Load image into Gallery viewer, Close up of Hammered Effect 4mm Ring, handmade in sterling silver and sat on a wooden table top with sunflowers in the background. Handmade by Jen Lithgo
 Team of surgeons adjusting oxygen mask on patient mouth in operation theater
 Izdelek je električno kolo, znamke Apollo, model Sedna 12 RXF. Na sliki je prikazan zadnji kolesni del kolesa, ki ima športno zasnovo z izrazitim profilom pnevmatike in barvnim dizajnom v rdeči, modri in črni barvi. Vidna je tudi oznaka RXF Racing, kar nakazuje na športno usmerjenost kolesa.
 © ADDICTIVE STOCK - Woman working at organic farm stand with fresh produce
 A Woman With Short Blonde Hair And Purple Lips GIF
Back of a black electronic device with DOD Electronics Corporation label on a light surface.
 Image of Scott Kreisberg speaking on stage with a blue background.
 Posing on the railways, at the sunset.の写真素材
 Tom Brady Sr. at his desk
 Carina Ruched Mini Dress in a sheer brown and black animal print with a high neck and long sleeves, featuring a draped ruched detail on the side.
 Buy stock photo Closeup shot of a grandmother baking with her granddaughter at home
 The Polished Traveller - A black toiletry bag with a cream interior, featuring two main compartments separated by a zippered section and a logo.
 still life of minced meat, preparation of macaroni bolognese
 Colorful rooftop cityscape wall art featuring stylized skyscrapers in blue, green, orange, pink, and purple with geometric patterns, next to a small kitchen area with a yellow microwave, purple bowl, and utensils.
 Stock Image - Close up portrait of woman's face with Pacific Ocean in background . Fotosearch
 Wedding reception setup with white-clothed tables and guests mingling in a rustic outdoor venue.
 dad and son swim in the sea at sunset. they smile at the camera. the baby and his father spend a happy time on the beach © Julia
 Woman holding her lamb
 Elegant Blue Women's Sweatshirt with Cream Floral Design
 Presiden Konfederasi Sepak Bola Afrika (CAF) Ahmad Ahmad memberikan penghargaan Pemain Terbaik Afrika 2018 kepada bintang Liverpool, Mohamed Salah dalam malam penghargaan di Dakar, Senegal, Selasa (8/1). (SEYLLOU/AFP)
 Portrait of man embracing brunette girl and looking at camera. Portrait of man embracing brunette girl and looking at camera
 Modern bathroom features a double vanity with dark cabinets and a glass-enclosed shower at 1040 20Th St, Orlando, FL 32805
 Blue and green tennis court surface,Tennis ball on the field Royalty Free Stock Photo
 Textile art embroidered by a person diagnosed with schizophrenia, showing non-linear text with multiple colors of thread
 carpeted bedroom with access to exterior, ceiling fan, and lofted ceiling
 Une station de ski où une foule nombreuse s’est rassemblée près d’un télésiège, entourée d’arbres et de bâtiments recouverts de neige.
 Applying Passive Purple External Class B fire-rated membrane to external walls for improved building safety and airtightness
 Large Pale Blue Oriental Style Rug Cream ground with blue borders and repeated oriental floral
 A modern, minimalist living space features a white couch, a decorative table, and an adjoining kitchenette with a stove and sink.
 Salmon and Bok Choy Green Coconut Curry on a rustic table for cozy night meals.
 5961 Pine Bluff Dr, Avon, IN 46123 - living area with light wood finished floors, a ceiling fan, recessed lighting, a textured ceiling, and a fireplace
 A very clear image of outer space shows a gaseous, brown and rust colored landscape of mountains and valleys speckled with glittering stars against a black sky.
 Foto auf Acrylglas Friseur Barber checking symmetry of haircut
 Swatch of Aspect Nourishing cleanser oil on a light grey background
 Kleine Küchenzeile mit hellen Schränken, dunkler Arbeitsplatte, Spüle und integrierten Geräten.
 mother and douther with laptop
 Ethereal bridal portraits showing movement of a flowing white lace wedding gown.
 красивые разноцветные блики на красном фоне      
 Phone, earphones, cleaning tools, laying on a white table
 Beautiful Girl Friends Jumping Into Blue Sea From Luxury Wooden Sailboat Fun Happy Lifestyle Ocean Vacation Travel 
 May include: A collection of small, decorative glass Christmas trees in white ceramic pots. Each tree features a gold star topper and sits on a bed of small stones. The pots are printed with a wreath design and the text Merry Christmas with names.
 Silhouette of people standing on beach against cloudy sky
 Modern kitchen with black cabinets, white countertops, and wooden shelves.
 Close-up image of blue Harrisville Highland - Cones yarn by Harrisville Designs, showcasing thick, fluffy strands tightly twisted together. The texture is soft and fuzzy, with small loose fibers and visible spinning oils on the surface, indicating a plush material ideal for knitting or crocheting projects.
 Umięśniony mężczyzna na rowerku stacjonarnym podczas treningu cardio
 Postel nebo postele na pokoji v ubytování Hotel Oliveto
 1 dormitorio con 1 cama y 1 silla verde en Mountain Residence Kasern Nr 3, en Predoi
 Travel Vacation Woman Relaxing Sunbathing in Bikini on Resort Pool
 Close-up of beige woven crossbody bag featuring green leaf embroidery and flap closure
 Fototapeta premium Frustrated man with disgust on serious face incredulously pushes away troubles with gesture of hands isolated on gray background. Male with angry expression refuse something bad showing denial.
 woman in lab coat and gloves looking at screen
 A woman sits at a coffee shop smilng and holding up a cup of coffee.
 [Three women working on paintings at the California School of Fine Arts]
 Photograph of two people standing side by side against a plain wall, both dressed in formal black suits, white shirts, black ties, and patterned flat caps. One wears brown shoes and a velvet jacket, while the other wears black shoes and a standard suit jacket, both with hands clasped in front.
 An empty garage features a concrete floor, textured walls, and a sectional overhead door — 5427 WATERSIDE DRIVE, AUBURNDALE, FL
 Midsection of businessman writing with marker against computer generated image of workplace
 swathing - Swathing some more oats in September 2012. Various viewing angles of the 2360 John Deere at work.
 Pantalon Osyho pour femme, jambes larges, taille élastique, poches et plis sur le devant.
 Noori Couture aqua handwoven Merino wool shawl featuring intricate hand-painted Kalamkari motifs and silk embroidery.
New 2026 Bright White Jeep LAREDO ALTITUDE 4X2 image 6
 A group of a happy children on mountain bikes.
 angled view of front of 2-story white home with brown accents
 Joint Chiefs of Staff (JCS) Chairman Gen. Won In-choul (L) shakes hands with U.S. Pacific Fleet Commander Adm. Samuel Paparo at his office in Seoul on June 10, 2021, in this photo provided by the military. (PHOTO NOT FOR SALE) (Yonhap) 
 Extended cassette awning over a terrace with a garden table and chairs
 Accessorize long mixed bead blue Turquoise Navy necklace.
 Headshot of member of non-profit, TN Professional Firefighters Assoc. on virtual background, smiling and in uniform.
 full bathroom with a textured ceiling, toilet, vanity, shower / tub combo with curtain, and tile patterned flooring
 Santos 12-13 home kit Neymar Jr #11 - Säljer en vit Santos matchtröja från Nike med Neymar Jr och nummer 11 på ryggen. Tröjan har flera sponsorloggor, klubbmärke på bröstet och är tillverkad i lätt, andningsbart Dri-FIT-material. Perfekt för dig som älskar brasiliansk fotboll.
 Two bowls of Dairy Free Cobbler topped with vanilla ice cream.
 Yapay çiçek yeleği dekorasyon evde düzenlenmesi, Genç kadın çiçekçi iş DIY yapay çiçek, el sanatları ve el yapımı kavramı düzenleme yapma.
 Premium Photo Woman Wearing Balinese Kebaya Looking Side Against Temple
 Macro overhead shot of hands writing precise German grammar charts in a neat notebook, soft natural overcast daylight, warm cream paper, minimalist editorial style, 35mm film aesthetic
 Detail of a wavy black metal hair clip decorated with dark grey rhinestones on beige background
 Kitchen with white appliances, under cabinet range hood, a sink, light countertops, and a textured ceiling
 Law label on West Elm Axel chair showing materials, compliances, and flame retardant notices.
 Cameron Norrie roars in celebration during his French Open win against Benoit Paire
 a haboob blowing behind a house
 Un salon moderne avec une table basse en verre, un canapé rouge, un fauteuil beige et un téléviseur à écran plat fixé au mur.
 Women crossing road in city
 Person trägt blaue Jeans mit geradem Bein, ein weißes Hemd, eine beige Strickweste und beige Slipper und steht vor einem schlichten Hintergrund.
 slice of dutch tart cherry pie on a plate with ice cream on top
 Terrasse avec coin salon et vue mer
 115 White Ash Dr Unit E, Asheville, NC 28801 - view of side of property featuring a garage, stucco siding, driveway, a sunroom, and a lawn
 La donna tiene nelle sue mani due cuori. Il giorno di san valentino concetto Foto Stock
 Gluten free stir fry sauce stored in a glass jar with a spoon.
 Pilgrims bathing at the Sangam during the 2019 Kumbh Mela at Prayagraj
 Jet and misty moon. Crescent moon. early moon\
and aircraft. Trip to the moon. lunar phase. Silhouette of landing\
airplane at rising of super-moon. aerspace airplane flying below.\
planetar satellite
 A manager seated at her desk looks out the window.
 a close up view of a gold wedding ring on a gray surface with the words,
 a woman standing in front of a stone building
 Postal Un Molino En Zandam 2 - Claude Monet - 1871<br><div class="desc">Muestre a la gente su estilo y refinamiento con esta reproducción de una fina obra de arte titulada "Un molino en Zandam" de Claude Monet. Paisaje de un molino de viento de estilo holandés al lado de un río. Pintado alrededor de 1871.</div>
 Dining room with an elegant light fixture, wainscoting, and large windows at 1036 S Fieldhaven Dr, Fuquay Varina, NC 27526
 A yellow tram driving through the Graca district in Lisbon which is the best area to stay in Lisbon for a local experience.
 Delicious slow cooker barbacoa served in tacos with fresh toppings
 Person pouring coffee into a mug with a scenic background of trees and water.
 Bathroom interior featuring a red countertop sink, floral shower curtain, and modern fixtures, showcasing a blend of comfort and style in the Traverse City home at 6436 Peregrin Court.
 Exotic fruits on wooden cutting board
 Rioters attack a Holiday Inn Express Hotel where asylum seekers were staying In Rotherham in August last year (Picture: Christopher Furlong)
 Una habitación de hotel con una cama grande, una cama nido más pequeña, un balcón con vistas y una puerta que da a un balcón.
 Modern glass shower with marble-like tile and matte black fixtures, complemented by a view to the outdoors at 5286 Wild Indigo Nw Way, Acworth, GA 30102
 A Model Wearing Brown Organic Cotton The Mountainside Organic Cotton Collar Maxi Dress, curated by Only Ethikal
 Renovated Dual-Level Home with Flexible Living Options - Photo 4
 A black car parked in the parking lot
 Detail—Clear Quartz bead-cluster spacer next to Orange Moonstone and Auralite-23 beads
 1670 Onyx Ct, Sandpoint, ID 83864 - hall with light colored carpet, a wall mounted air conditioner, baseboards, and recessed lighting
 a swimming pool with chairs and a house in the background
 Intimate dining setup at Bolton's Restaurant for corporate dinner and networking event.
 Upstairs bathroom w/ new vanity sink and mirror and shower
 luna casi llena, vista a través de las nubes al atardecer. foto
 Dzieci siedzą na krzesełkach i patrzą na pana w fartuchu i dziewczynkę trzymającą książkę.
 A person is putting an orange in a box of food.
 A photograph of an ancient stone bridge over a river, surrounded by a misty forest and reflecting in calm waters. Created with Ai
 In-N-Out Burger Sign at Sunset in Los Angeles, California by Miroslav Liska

**********

TASK INSTRUCTIONS
Copy out the data above word for word, starting at its first line and ending with the line that contains "Colorful rooftop cityscape".

EXERCISE OUTPUT
Load image into Gallery viewer, Close up of Hammered Effect 4mm Ring, handmade in sterling silver and sat on a wooden table top with sunflowers in the background. Handmade by Jen Lithgo
 Team of surgeons adjusting oxygen mask on patient mouth in operation theater
 Izdelek je električno kolo, znamke Apollo, model Sedna 12 RXF. Na sliki je prikazan zadnji kolesni del kolesa, ki ima športno zasnovo z izrazitim profilom pnevmatike in barvnim dizajnom v rdeči, modri in črni barvi. Vidna je tudi oznaka RXF Racing, kar nakazuje na športno usmerjenost kolesa.
 © ADDICTIVE STOCK - Woman working at organic farm stand with fresh produce
 A Woman With Short Blonde Hair And Purple Lips GIF
Back of a black electronic device with DOD Electronics Corporation label on a light surface.
 Image of Scott Kreisberg speaking on stage with a blue background.
 Posing on the railways, at the sunset.の写真素材
 Tom Brady Sr. at his desk
 Carina Ruched Mini Dress in a sheer brown and black animal print with a high neck and long sleeves, featuring a draped ruched detail on the side.
 Buy stock photo Closeup shot of a grandmother baking with her granddaughter at home
 The Polished Traveller - A black toiletry bag with a cream interior, featuring two main compartments separated by a zippered section and a logo.
 still life of minced meat, preparation of macaroni bolognese
 Colorful rooftop cityscape wall art featuring stylized skyscrapers in blue, green, orange, pink, and purple with geometric patterns, next to a small kitchen area with a yellow microwave, purple bowl, and utensils.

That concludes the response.